Echo Park Lake was originally built in the 1860s as a reservoir. Today, it is just a water detention basin used for recreation, collecting rain water runoff and gradually letting it flow into the more complex runoff system. I remember coming here as a child with my paternal grandmother. We would rent a pedal boat and explore the lake, watching turtles, marveling at the huge lily pads, and enjoying the jet fountains. Those elements are still here today, although the boats are now swans, and the lily pads – actually lotuses – had to be saved and regrown during a refurbishment of the entire lake in the early 2010s.
It is these lotuses that sparked the Lotus Festival, which I am here for today. In 1972, the city of Los Angeles decided to pay homage to its inhabitants of Asian and Pacific Island descent, creating a free festival to coincide with the blooming of the lotuses in the lake. The lotus is sacred in many Asian cultures, so it made sense.

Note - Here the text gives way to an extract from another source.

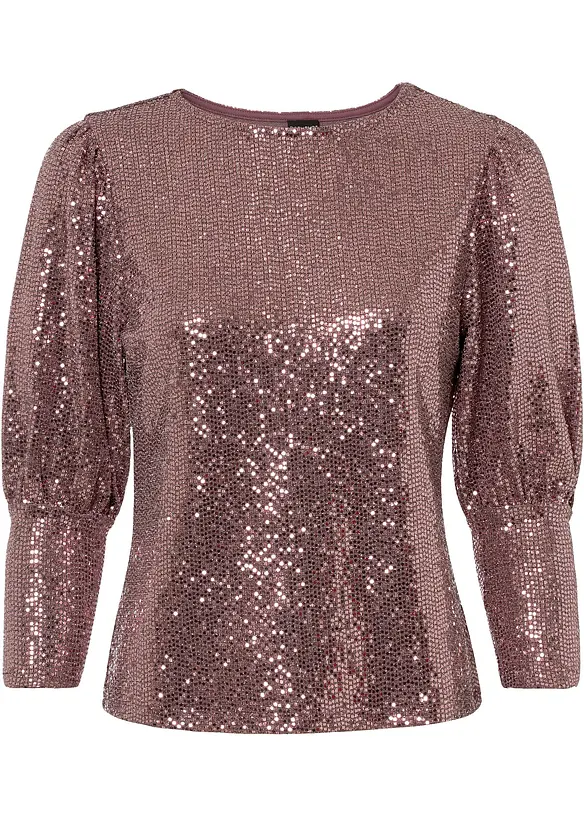 Pailletten-Shirt mit Puffärmeln in 3/4-Länge in rosa von vorne - bonprix Pailletten-Shirt mit Puffärmeln in 3/4-Länge in rosa von vorne - bonprix
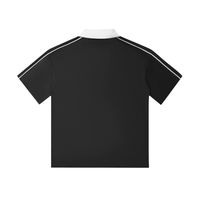 Savage Stay Real Contrast Streetwear Polo BLACK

Fifty years later, the Lotus Festival is still one of the premier free events in LA, attracting thousands of mostly locals to Echo Park to celebrate the city’s multiculturalism, beauty, and general good vibes. The event is still hosted by the city, with a rotation of Asian nations each taking a turn to co-host for a year. This year, we celebrate India with food, performances at a tented main stage, and signage detailing some fun facts about the south Asian nation, its people, and Hinduism.
Just because India is hosting doesn’t mean other cultures are left out. Evenings bring dragon boat races and floating lantern launches, booths offer lessons in origami and Japanese moss ball planting, and artists sell Asian crafts (in addition to general artisan products common at all festivals). Food vendors whip up Thai noodles, Indonesian BBQ, and Hawaiian shaved ice. I decide to mainly stick with the Indian theme, though, and enjoy samosas with mint chutney, with a Filipino milk tea for fun.
The city of Los Angeles is more than 10% of Asian descent, with the greater LA area home to millions more, so it is nice to be out celebrating my neighbors. The crowd comes and goes, with most staying an hour or so it seems, always to be replenished by more eager to explore, and it is a crowd truly representative of the diversity of Los Angeles. While Asians are present, the majority are not, and are just here to bask in the sun and in the glow of multiculturalism that this city seems to embrace more than just about any other.
I spend some time in the afternoon at the beer garden. Hosted by the LA County Brewers Guild, it contains a half dozen or so independent breweries’ offerings, with profits split between the nonprofit Guild and the city’s parks department. I opt for a Citra from El Segundo Brewery, a light ale perfect for a warm afternoon in the sun, and marvel at the event unfolding around me.
The Lotus Festival really celebrates what is best about Los Angeles: cultural diversity, great food, small business, and fun in the sun. That it is hosted by the city itself and not left to a third party is a distinction not lost on me. That it is free is a sign of the dedication of the city and its leadership to those core principles that make LA great.
One more lap around the lake, and another look at the lotuses in bloom, and it is time to head home – with a container of biryani for dinner. I am so grateful to live here, to be part of the fabric of a city that is proud of its many heritages. I’ll be back next year!